大阪第一教会連合会 特別講演会
『人類共栄の道』

 10.06.14

2010年6月14日、三宅光雄教会長は、大阪第一教会連合会の『特別講演会』の講師として、大阪教会「やひろホール」にて、『人類共栄の道』という題で記念講演を行った。

皆さんこんにちは。只今紹介いただきました泉尾教会の三宅でございます。先ず最初に「大阪第一教会連合会」の信徒会の皆さん方に、この様な御用をしなさいということを頂きまして、勿体なくも大阪教会様の「やひろホール」で、お話をさせていただけるおかげを頂きました。先ずそのことに、連合会の役員の皆さんに、また大阪教会の先生に、そして本日の御用の皆さんに、お礼を申し上げたいと、こう思わせていただきます。
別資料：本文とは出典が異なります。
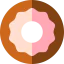 Donut icon 64x64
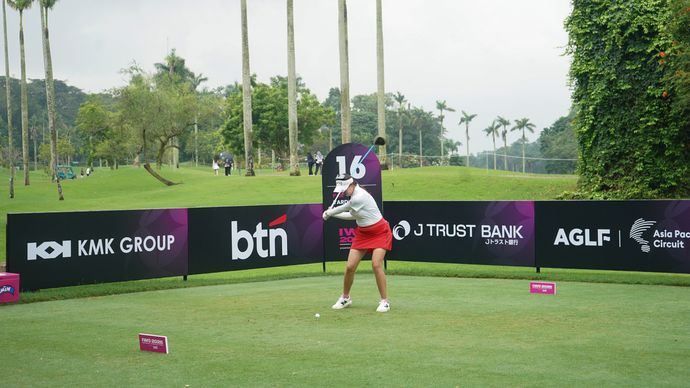 Indonesia Women&rsquo;s Open (IWO) 2026 resmi menutup rangkaian pertandingannya.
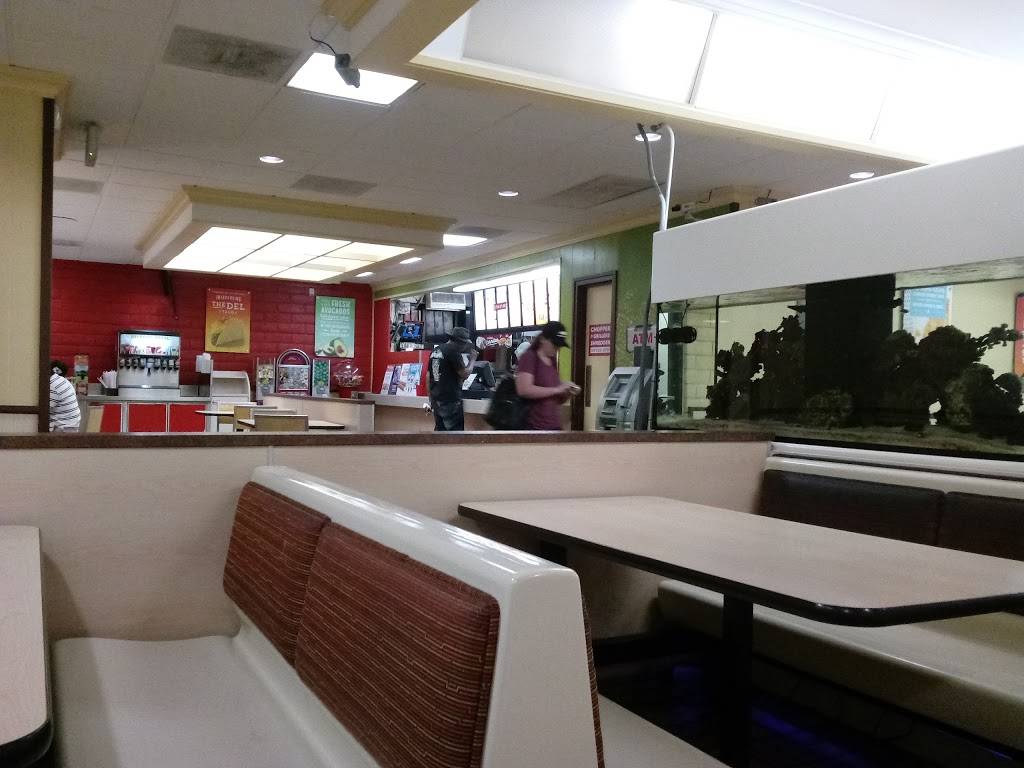 Del Taco | meal takeaway | 15470 Palmdale Rd, Victorville, CA 92395, USA | 7602416410 OR +1 760-241-6410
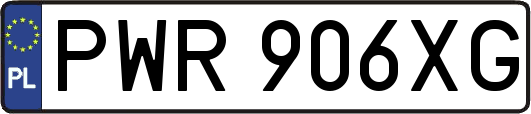 PWR906XG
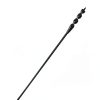 HUAALIUCHE Installer Drill Bit 1/2in 36in L Fish Bit for Wire Pulling-0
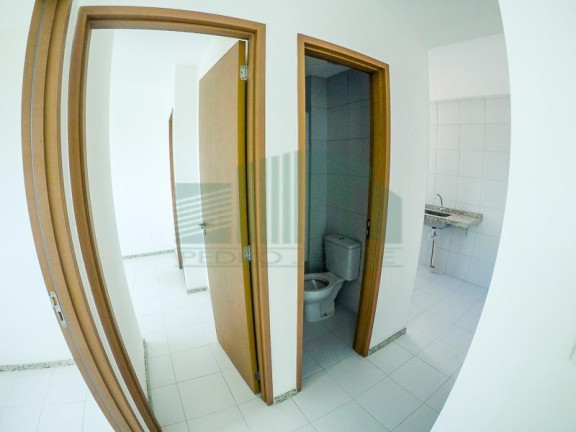 Imagem Apartamento com 2 Quartos à Venda, 41 m² em Casa Amarela - Recife Imagem Apartamento com 2 Quartos à Venda, 41 m² em Casa Amarela - Recife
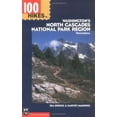 thumbnail image 1 of Pre-Owned 100 Hikes in Washington's North Cascades National Park Region (Paperback) 0898866944 9780898866940, 1 of 1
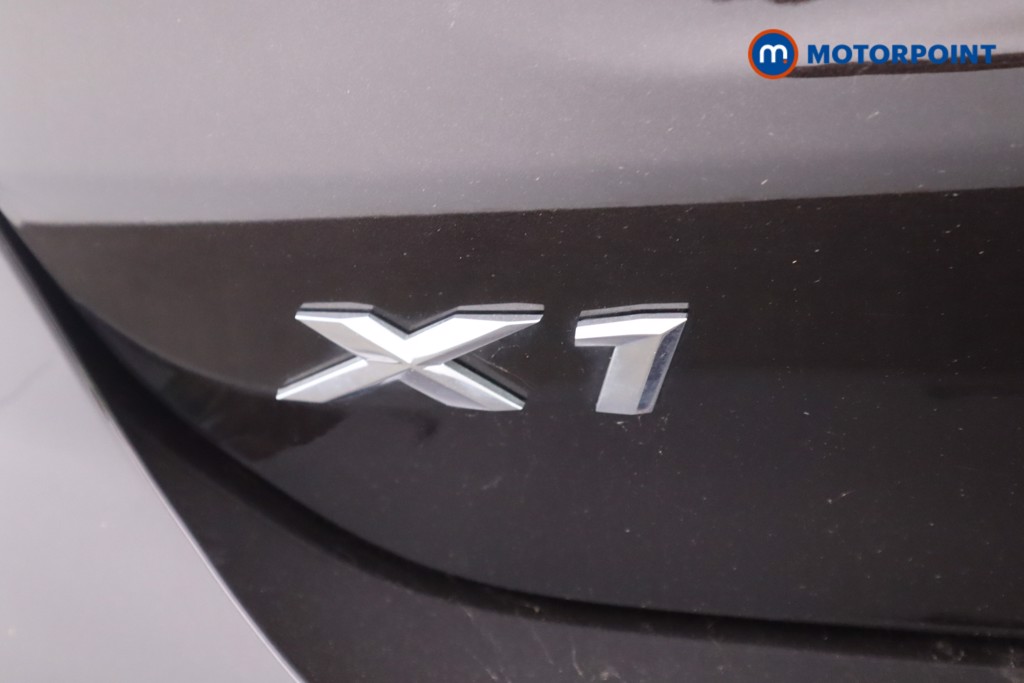 BMW X1 Xline Manual Petrol SUV - Stock Number (1567303) - 21st supplementary image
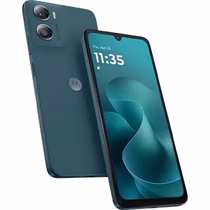 Celular Motorola Moto G06 XT-2535 Dual Chip 128GB 4G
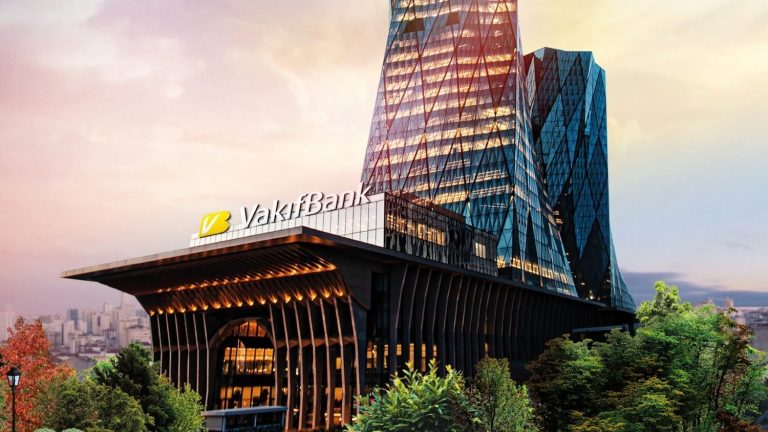 VakıfBank’tan 1,5 milyar euro tutarında yeni yurt dışı kaynak 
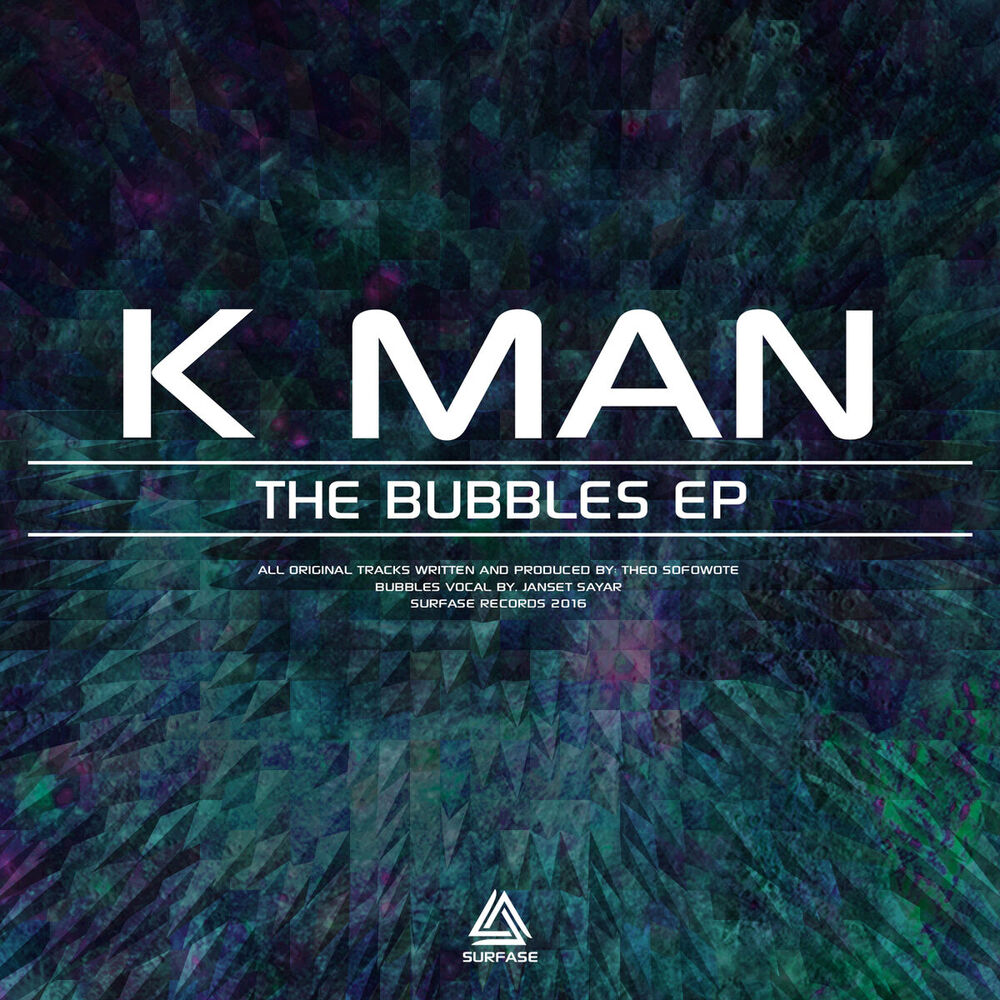 Picture of Bubbles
有難うございます。

私は最初にお詫びすることがございまして、30年ほど前に膝を痛めまして、「30分程のお話でしたら立ってさせていただくのですが、それ以上の時間でしたら座らせてもらわないと」と、こう申したのです。「それでは座ってお話しください」…。そういう訳で、本当はご無礼なことなのですが、今から座らせてもらってお話をさせていただきます。失礼を先ずお詫びさせていただきます。

昨日、ご本部に『教団独立記念祭』のご参拝をさせていただきました。私にとりましては本当に有り難い、勿体ないお祭でした。というのも私の叔父、三宅歳雄の三男にあたります叔父が、教師40年の褒賞を頂きました。と同時に、私の長女が教師の補命を頂きまして、これから一生御用に使っていただくお誓いを、神様と金光様の前でさせていただきました。昨日は40年の褒賞も、新任教師のおかげも、頂かせてもらって、私にとりましても本当に勿体なく有り難いお祭を頂かせてもらいまして、帰り際に会堂で「大阪第一教会連合会」会長の杉村先生にお会いし、「先生、明日は宜しくお願いします」と言われまして、「はい、不十分ですけれども使っていただきます」と、こう申し上げ、今からおかげを頂かせていただくのですね。私に頂いている時間が約1時間ですね。そして少し休憩があった後に質疑応答ということでお話をしてくださいということでしたね。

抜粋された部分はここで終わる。